The Florida Keys in December...I would have expected more ocean beaches, but there weren't many.
Key West is crowded and overpriced but has its share of curiosities--shuttered old clapboard houses like this one, surrounded by high fences and little patches of jungle.
What few beaches we found had very little in the way of ocean waves, perhaps because mainland Florida and the large island of Cuba block them.
Ernest Hemingway's house was really the only thing on Key West that interested me. It's overrun with 6-toed cats, which are descended from his own little band of pet cats.

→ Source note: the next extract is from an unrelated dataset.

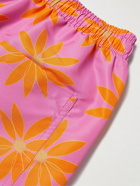 Jacquemus - Mid-Length Straight-Leg Floral-Print Recycled Swim Shorts - Pink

Some of the tourist literature refers to this place as a mansion, which it is definitely not. I think it's only got three bedrooms--or maybe two bedrooms and a dressing room. But it had a sort of subtropical charm.
Hemingway's bathroom...
The décor inside the house was surprisingly...feminine--for such a manly man.
Hemingway's kitchen...
His actual bed...
I always forget just how exotic Florida can feel...once you get away from Orlando and a little further south. Great communities of single-wide trailers, hidden behind overgrown banana trees and plumeria trees with all manner of potted palms and faded statuary on their concrete lawns. People of every color and tongue. Palm trees. Coconut trees. Dark places hidden open-air bars on narrow alleys. Rusted antique cars parked along the streets. Exotic birds. Eccentric people of every age and race, people who've fled there from all corners of the nation and of the globe, people who look like they have a story or two to tell.